Other unusual occurrence of combined uterine perforation and extruded fetal part via the uterine wall defect and outward herniation of internal structure like the bowel and fallopian tube had been reported earlier [4,9]. Cases, where MRI aided the diagnosis along with sonography to detect the uterine wall defect and extruded fetal part had also been reported [9].

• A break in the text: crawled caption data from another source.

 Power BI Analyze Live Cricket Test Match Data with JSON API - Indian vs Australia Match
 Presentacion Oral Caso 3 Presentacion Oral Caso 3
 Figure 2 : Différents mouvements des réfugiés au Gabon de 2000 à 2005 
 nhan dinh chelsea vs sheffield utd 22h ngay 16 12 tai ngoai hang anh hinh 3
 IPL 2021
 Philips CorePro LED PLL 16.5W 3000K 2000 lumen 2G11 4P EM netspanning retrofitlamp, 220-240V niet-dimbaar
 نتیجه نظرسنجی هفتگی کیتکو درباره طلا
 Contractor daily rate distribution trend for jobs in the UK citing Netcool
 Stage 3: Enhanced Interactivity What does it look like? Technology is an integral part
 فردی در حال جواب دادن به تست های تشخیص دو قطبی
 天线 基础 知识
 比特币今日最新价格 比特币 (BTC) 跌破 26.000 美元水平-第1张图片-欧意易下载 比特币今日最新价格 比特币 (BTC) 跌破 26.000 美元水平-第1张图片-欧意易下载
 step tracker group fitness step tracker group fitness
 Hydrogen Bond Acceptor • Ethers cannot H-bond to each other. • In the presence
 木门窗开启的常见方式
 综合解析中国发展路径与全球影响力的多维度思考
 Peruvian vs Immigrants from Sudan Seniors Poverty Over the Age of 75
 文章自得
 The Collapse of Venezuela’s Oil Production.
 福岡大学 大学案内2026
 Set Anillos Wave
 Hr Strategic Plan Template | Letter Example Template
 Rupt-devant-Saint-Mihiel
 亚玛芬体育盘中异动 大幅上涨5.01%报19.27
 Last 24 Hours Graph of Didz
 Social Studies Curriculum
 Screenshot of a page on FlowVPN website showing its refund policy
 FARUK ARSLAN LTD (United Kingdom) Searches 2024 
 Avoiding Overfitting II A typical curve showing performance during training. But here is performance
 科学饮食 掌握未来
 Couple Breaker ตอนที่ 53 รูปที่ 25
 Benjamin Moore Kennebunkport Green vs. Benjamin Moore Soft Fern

In a study done by Kohlenberg CF et al., a fall in uterine perforation rate from 1.4% to 0.2% and overall complication rate from 5.7% to 2.8% with the use of sonography was observed. To prevent or reduce complication from surgical pregnancy termination, the author has proposed use of intraoperative sonography during dilation and curettage at greater than 15 week’s gestation [10]. This case also shows the complementary role of sonography and MRI in evaluation of the patient. Although the intra pelvic extruded fetal part was identified on sonogrphy but MRI had clearly defined the location and the extent of uterine perforation along with extruded fetal part. CT and MRI are equally efficacious in diagnosing the present scenario and neither of them scores over the other.

Conclusion

Maternal mortality becomes inevitable due to complications of unsafe abortion if proper medical or surgical interventions are not offered in time. This case shed light upon the importance of maintaining a high suspicion for uterine perforation in patient presenting with abdominal pain a few days after undergoing surgical abortion. This case also gives importance to the role of sonography as initial diagnostic modality but cases where diagnosis is uncertain, to confirm the findings, exact site, extent of uterine perforation and associated visceral injury we suggest the usage of CT or MRI which complement the role of sonography. As it is a one of the important public health problems the best way to prevent unsafe abortion consequences in developing countries is by reducing the unmet need for contraception, making safe abortion services accessible to women, controlling unauthorized medical practice, providing training and provision of equipments for MTP and ensuring proper supervision of medical facilities.